■ DATA SECTION ■

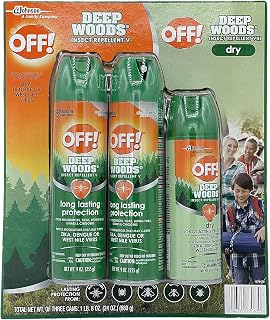OFF! Deep Woods and Deep Woods Dry Mosquito Insect Repellent Combo Pack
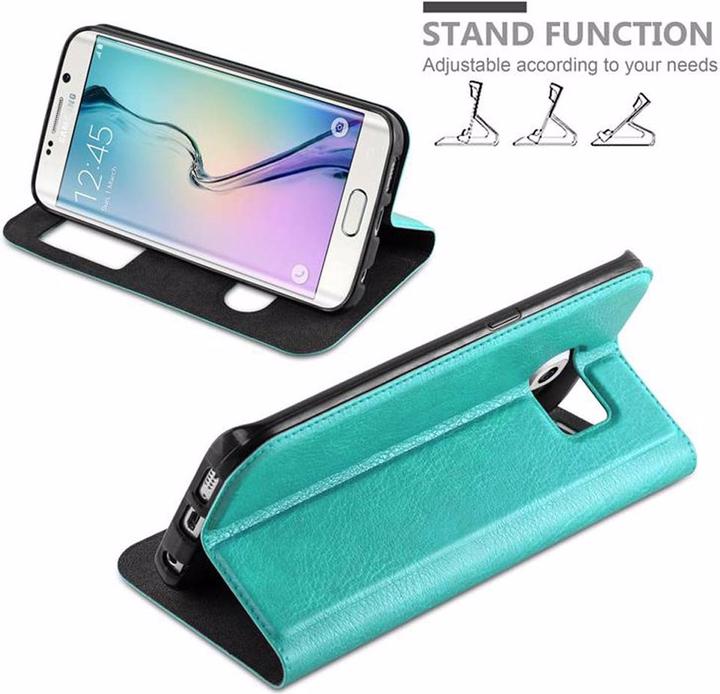 Actual product image Cadorabo Book with View double window cover (Samsung Galaxy S6 Edge+)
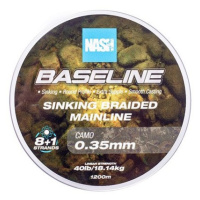Nash splétaná šňůra baseline sinking braid camo 1200 m - 0,35 mm 18,14 kg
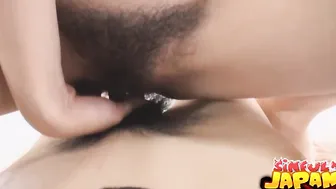 Hair Raising Sexual Adventure - Young JAV Babe with Furry Bush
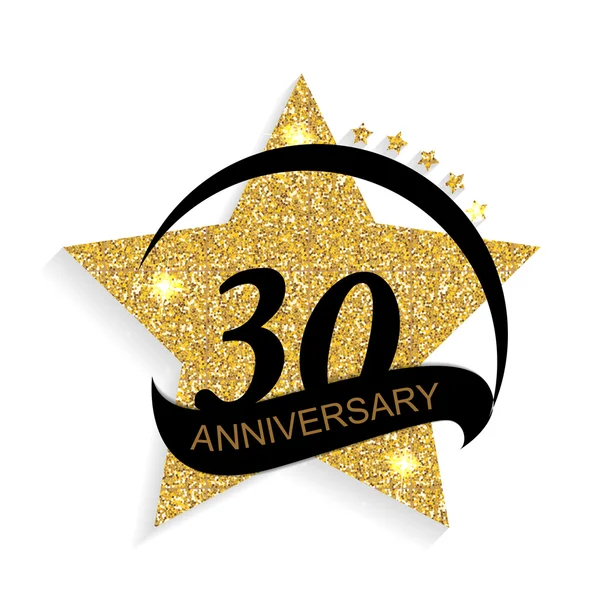Logo de la plantilla 30 Aniversario Vector Ilustración — Vector de stock
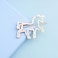 YienDoo Unicorns Hair Clips Barrette Gold Cute Pony Hairpins White Border Barrette Fashion Hollow Headpieces Geometric Metal Head Clip Bobby Pin Ponytail Holder Hair Accessories for Women Girls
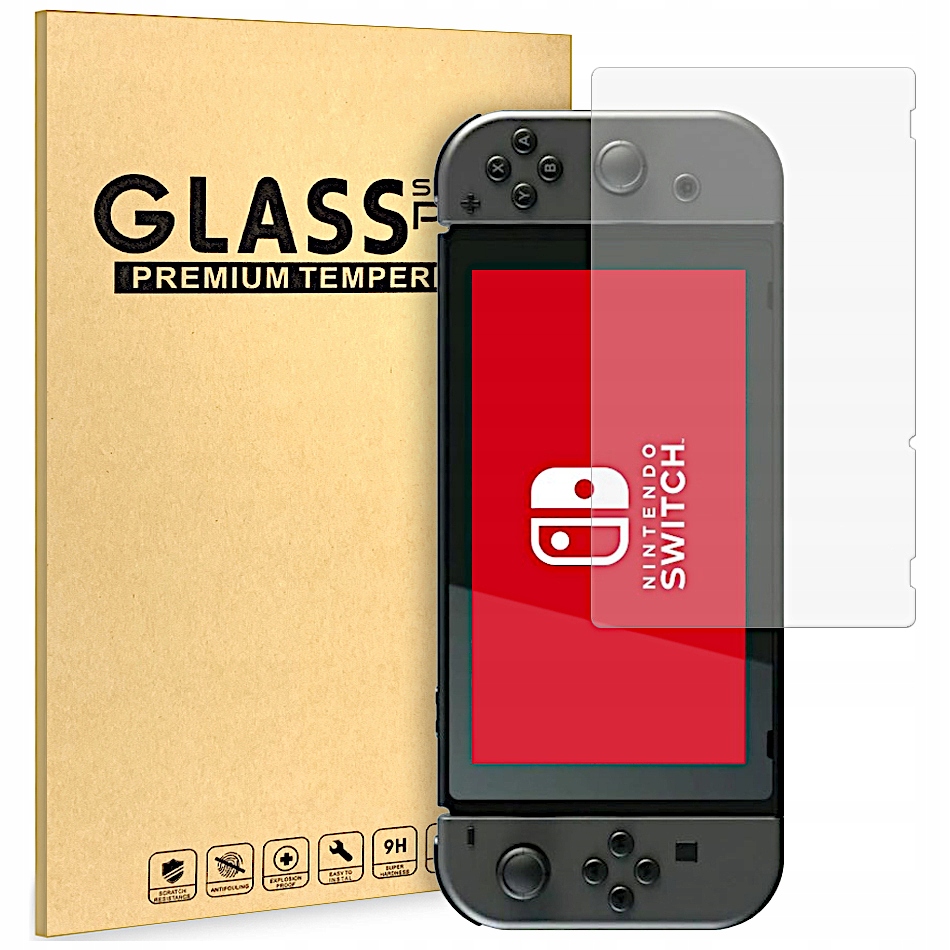 

Szkło Ochronne Hartowane Nintendo Switch 9H 2.5D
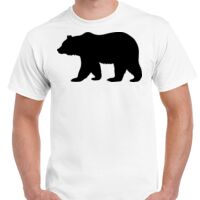 T-shirt Gildan Hammer adulte, manches courtes, 100% coton épais et doux, 203 g/m², tailles S au 5XL. Vignette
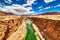 Navajo Steal Arch Bridge Across the Colorado River near City of Page in Arizona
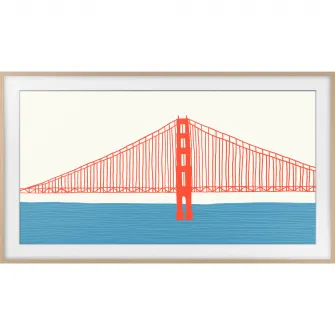 Rama Bej stil modern pentru TV Samsung The Frame 50LS03A model 2021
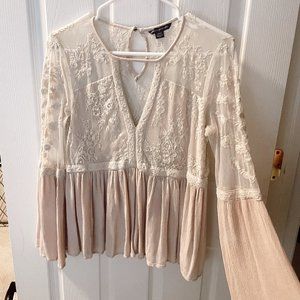 Light Pink Lace Top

■ WHAT THE EXERCISE ASKS ■
Repeat the lines from the line containing "Szkło Ochronne Hartowane" through the end of the material above exactly, with no pictures and nothing else.

■ RESPONSE AREA ■
Szkło Ochronne Hartowane Nintendo Switch 9H 2.5D
 T-shirt Gildan Hammer adulte, manches courtes, 100% coton épais et doux, 203 g/m², tailles S au 5XL. Vignette
 Navajo Steal Arch Bridge Across the Colorado River near City of Page in Arizona
 Rama Bej stil modern pentru TV Samsung The Frame 50LS03A model 2021
 Light Pink Lace Top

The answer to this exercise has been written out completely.